Wheatland Union High School is located in Wheatland, California, USA. The high school serves the city of Wheatland as well as Beale AFB and Plumas Lake. The area is included within the Yuba City Metropolitan Statistical Area.

Growth did not really hit the area until the late 1950s and until then the student body of the Wheatland High School was not in excess of 100 students. The full impact of the growth was foreseen about 1957 and the planning of the present plant followed. An election was held for voting the bonds in 1959 to construct the school plant. The completion of the new High School was September 1961 with the gymnasium completed in December 1961 and full occupancy January 1962. The contract was let October 28, 1960. The architect of Wheatland High School is Leonard Dam Blackford, a former student of the school.
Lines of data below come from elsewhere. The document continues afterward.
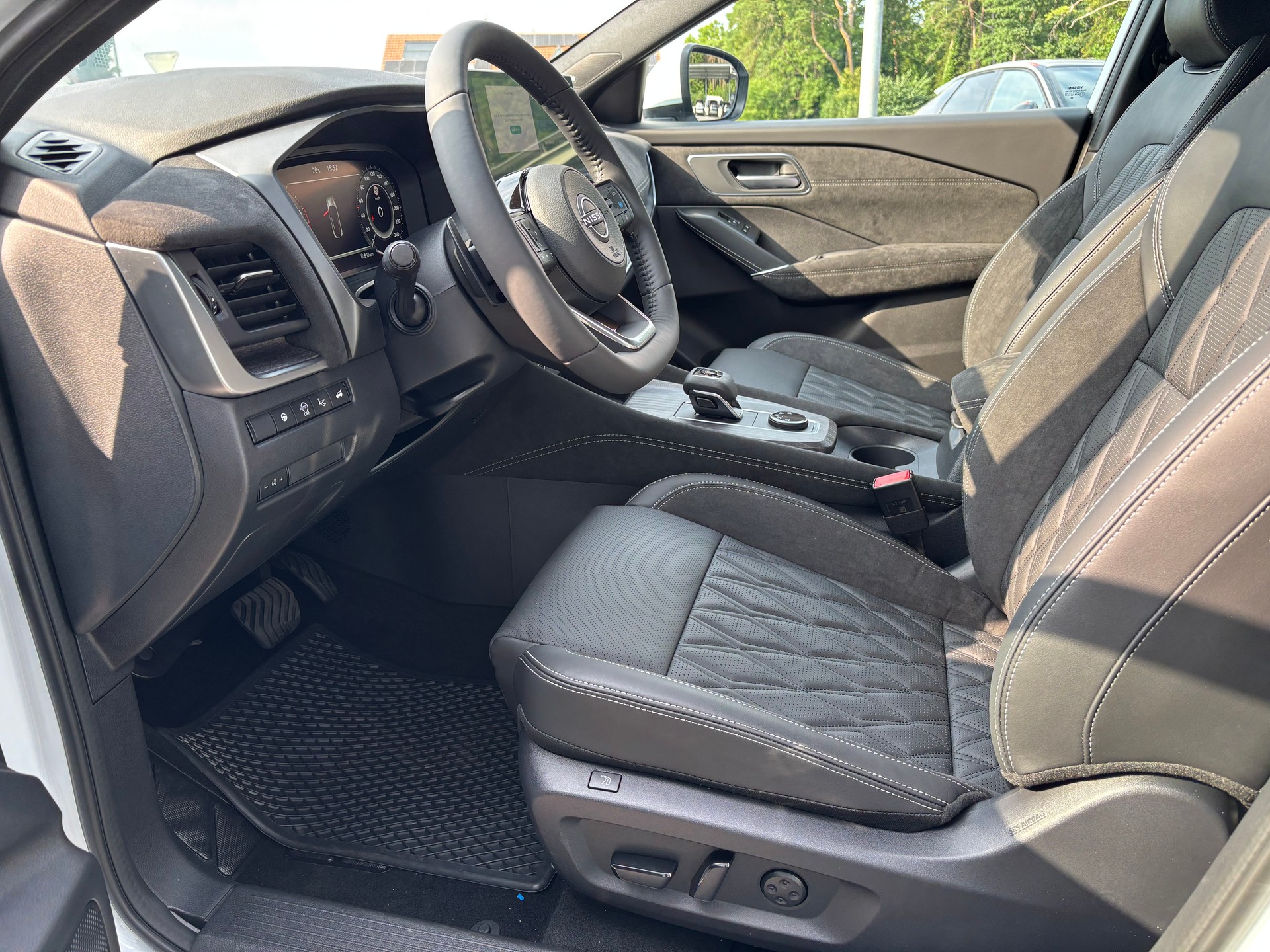 NISSAN Qashqai 1.3MHEV Tekna+ 4x4-image-10
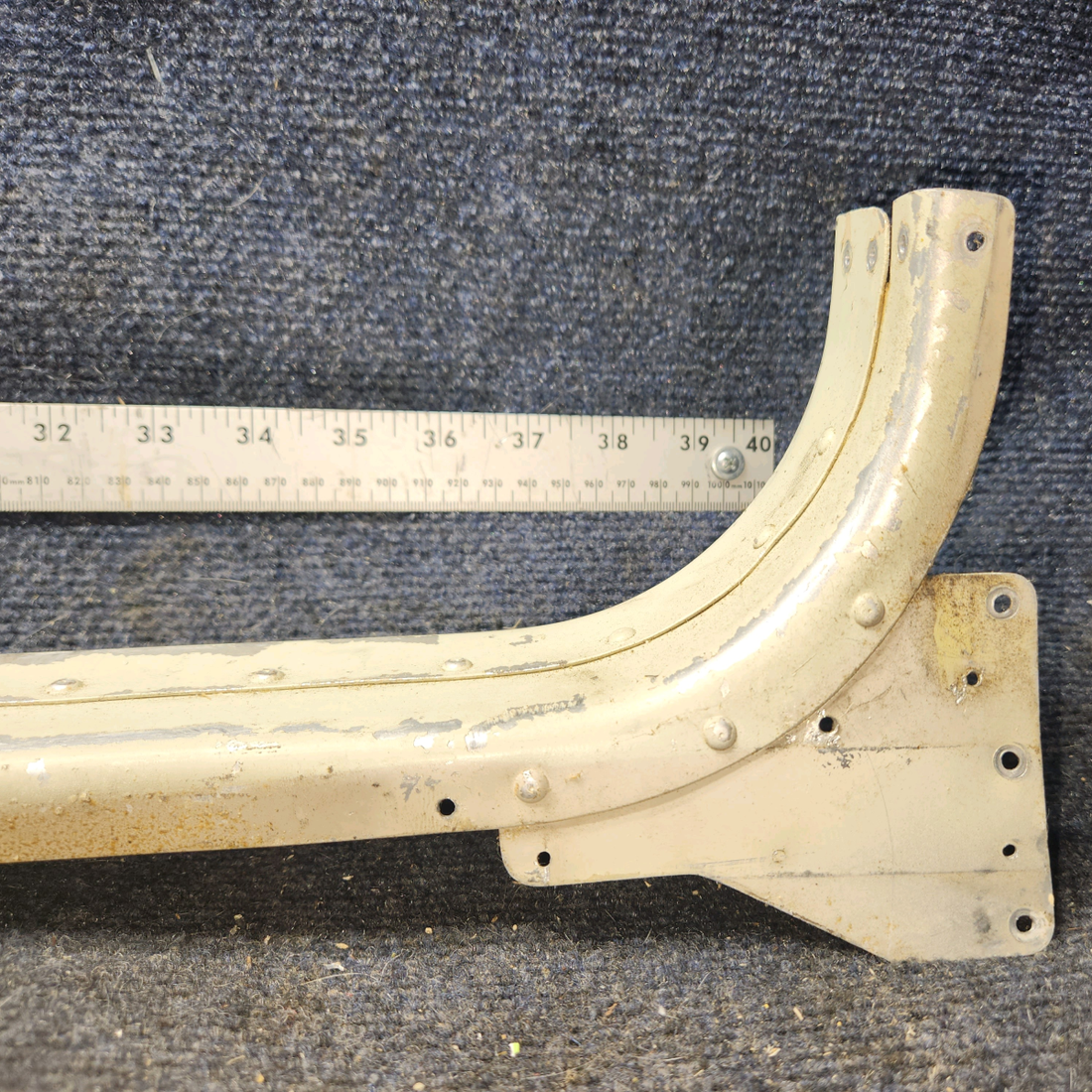 Used aircraft parts for sale, 0511000-6, 0511000-22 Cessna 172E Cessna Frame In and outboard LH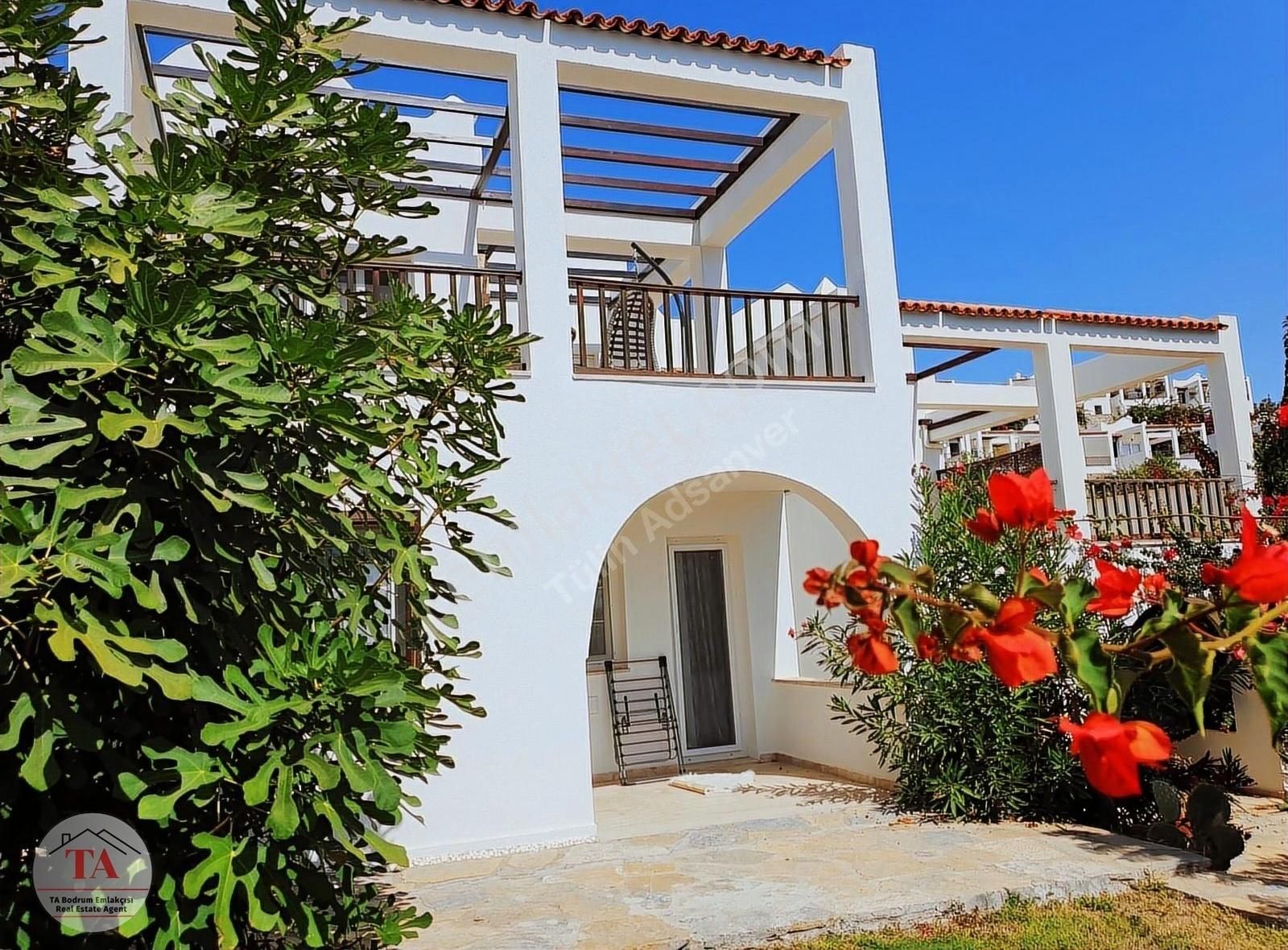 Bodrum Dirmil Satılık Villa Bodrum Yalıkavak Gökçebelde Site İçinde Manzaralı Dubleks Villa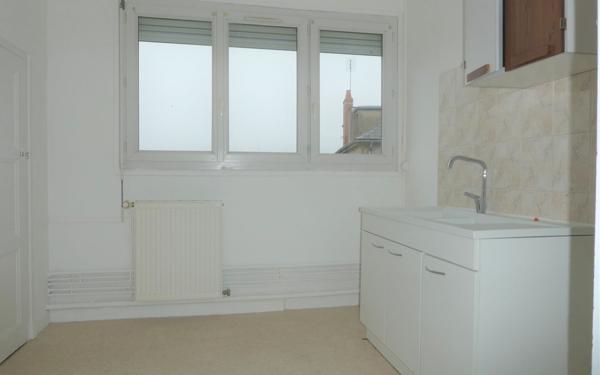 Appartement à louer    3 pièces •  Le Creusot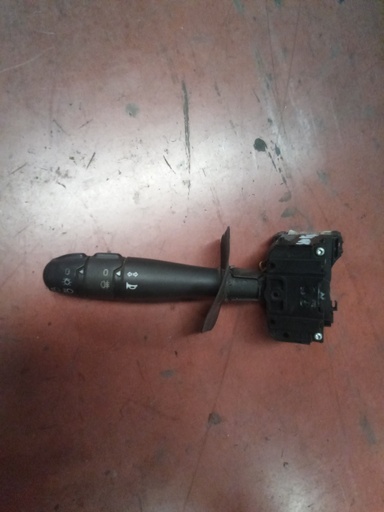 [8200792584] Mando de luces dacia sandero '11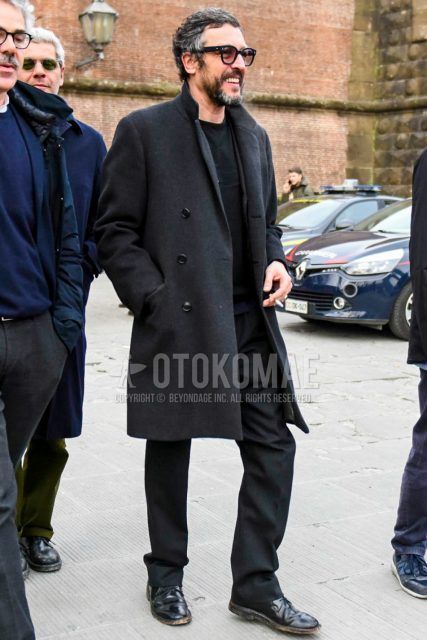 Men's coordinate and outfit with plain glasses, plain gray chester coat, plain black t-shirt, black straight tip leather shoes, and plain gray suit.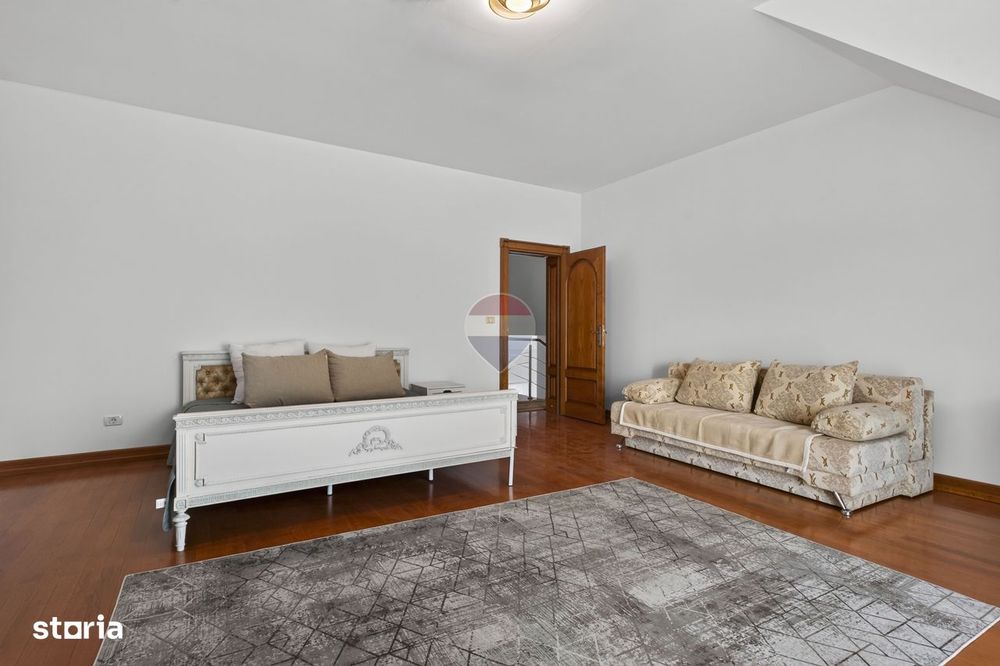 Casă 5 dormitoare si teren 725 mp de închiriat în zona Gradiste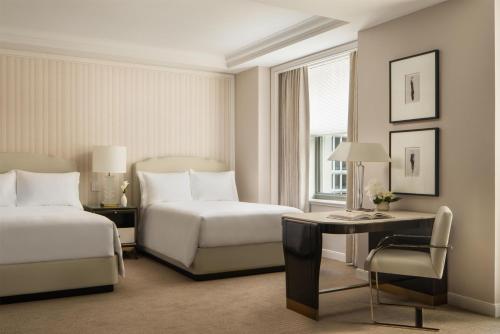 2 double beds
The $4 million high school plan includes girls and boys locker rooms, outdoor community circle for entertainment called The Commons, a football field, a baseball field, track facilities, shops, and forty-one classrooms.

Today, plans to add portables and other buildings are underway to expand the campus to accommodate the increase in population. The current student body of around 1000 is expected to grow by some 200-300 students by 2023.